What is Web Scraping?

Web scraping (or Web harvesting, Web data extraction) is a computer software technique of extracting information from websites. Web scraping focuses more on the transformation of unstructured Web content, typically in HTML format, into structured data that can be formatted and displayed or stored and analyzed. Web scraping is also related to Web automation, which simulates human Web browsing using computer software. Exemplary uses of Web scraping include online price comparison, weather data monitoring, market data tracking, web content mashup and web data integration.

WP Web Scraper

WP Web Scraper is an easy to implement professional web scraper for WordPress. It can be used to display real-time data from any websites directly into your posts, pages or sidebar. This plugin can be used to include real-time stock quotes, cricket or soccer scores or any other generic content. The scraper is built using time tested cURL library for scraping and phpQuery for parsing and outputting HTML.
It also has some advanced configuration features such as:

  1. Configurable caching of scraped data. Cache timeout in minutes can be defined in minutes for every scrap.
  2. Custom Useragent header for your scraper can be set for every scrap.
  3. Scrap output can be displayed through custom template tag, shortcode in page, post and sidebar (text widget).
  4. Error handling – Silent fail, standard error, custom error message or display expired cache.
  5. Option to clear or replace a certain regex pattern from the scrap before output.
  6. Option to strip off a single or multiple HTML tags from the output.
  7. Supports html charset conversion between various charsets.

Am sure, this all sounds a bit geekish to someone who has not explored web scraping before.

For a better perspective, what could be a better example of displaying the download count of my plugin from wordpress.org. To do this, all I need to do (assuming that the plugin is installed) is to insert the following shortcode in my page, post or the text widget of sidebar:
[wpws url = “http://wordpress.org/extend/plugins/wp-web-scrapper/stats/” selector=”.last-child td” cache=”60″ timeout=”3″ error=”cache”]

Using Shortcode

Now lets decrypt the shortcode. The first parameter – url, specifies the url from which you intend to scrap data. The second (and perhaps the most important) parameter – selector, specifies the exact location in that url where your data is located. The syntax used is of good old CSS. If you have worked with CSS or jQuery before, it should be very easy for you to write a CSS selector.
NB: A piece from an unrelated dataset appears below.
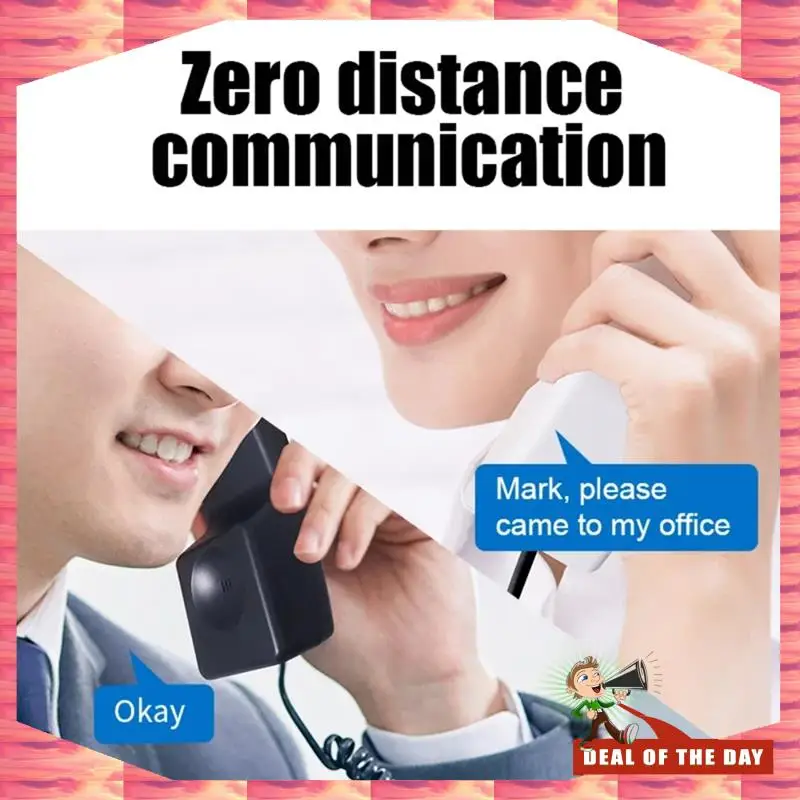 تسليم 24 ساعة بمقبس الاتحاد الأوروبي 2.4 جيجا هرتز اتصال داخلي لاسلكي للمنزل والمكتب لمسافات طويلة متعدد الغرف مكالمات واضحة هاتف أرضي لاسلكي #3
In brief, the selector mentioned above refers to the first td element which is a child of the first element with the class ‘last-child’. You can easily build such selectors by viewing the source code of your url. Rest of the parameters are optional. Cache specifies the time in minutes it will cache data instead of fetching data on each request, timeout is the maximum time in seconds the scraper will spend on the task and error denotes what happens in case the scraper fails (if cache is the value for error, it will display expired cache data in case of an error).

I hope this gets you interested enough to start exploring its limit less possibilities. Download your copy, install it and get started. You can find more info on this plugin in the FAQ section or its official page.

Please note that the content you scraping might be copyright protected. Its best to at least attribute the content owner by a linkback or better take a written permission. Apart from rights, cURLing in general is a very resource intensive task. It will exhaust the bandwidth of your host as well as the host of of the content owner. Best is not to overdo it.